_DATA PROVIDED:_
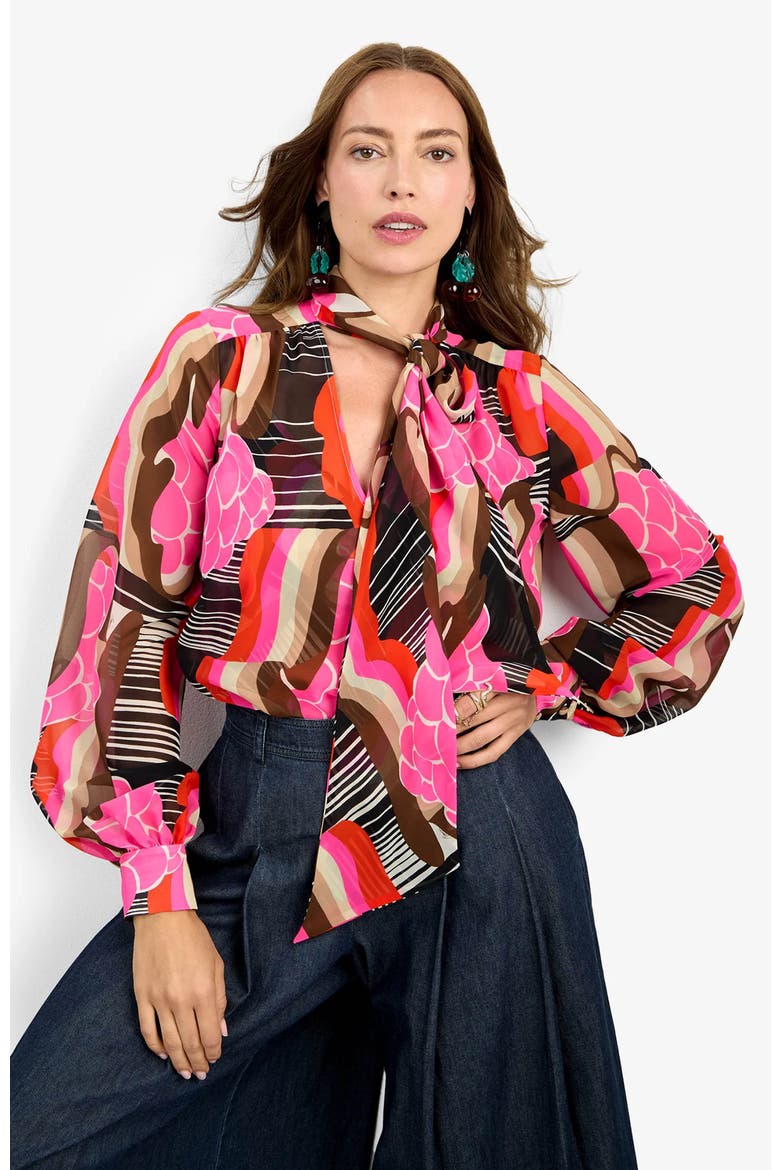 Pienza Top, Alternate, color, Giostra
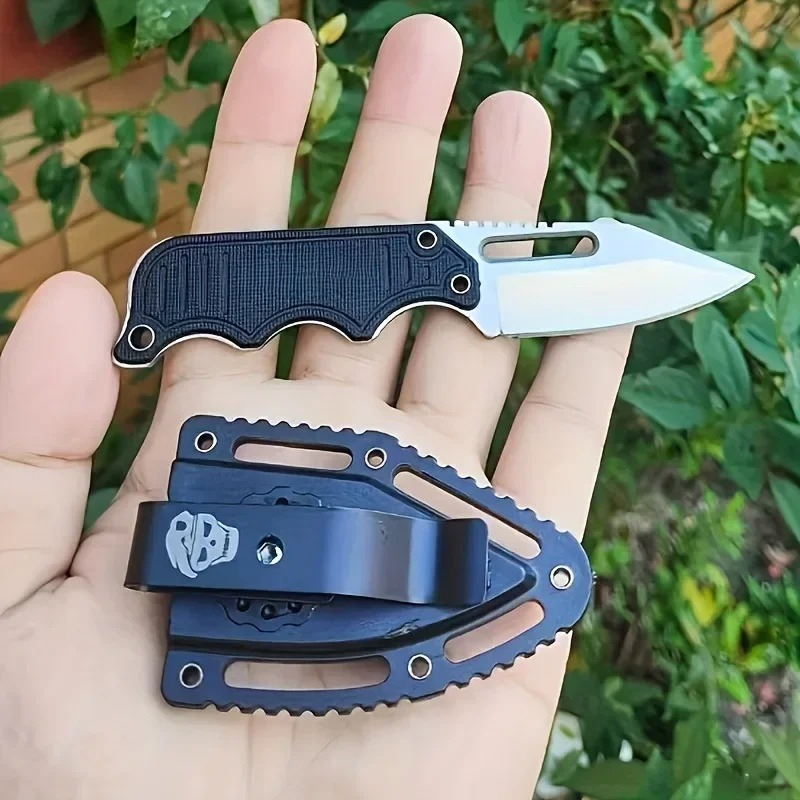 Dive Knife Titanium - Mini coltello a lama fissa G10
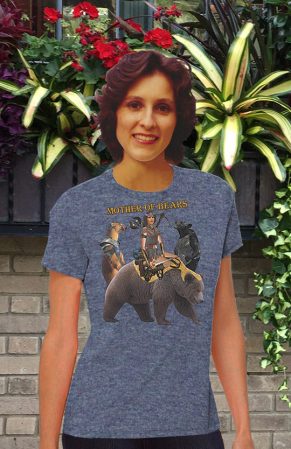 Bear The Mother of Bears T-Shirt model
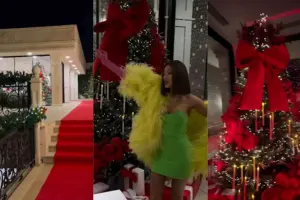 Röyanın dəbdəbəli villasını belə dəyişdilər - VİDEO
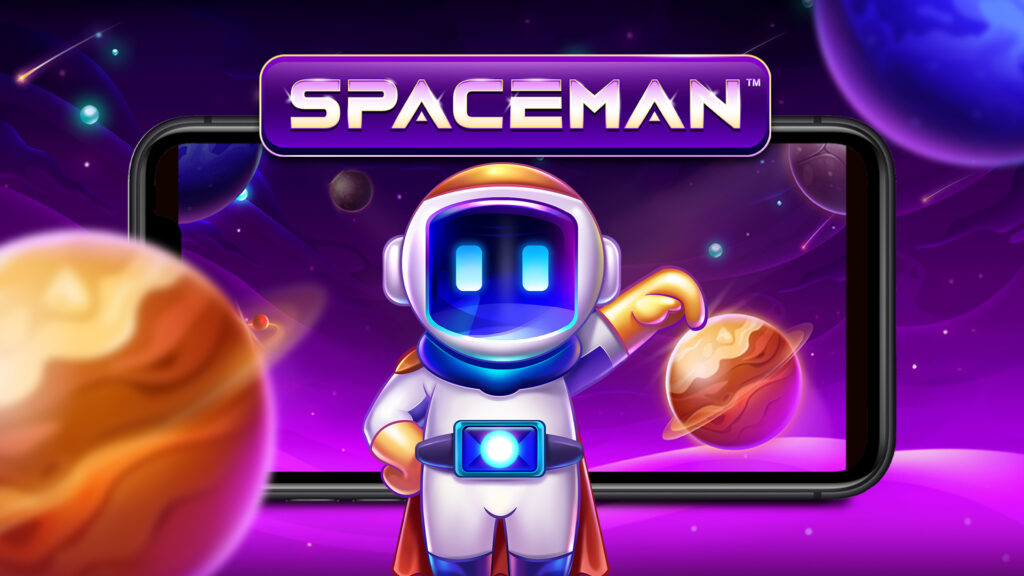 Jogue Spaceman no cassino online Pixbet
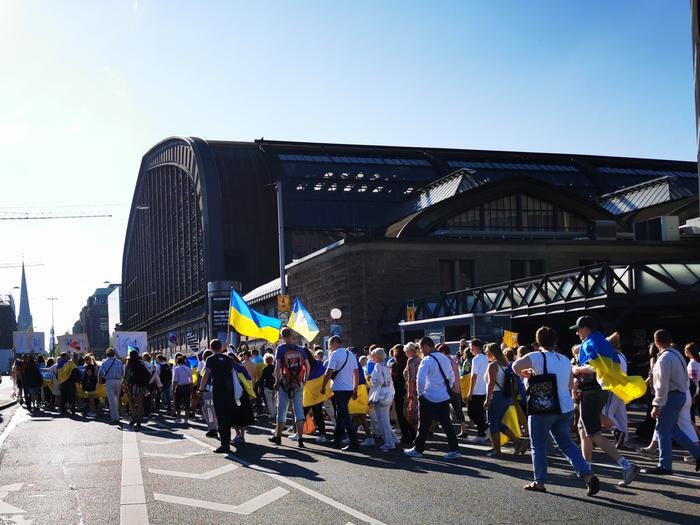 Украинские беженцы в Германии. Обложка © Shutterstock / FOTODOM / MM_vision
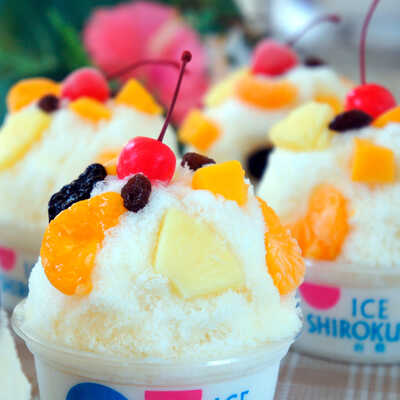 天文館むじゃき　本家白熊セット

_ASSIGNMENT:_ Reproduce exactly, with nothing added, the lines from the line with "Jogue Spaceman no cassino online Pixbet" through the end of the entries above; pictures are to be left out.

_RESPONSE:_
 Jogue Spaceman no cassino online Pixbet
 Украинские беженцы в Германии. Обложка © Shutterstock / FOTODOM / MM_vision
 天文館むじゃき　本家白熊セット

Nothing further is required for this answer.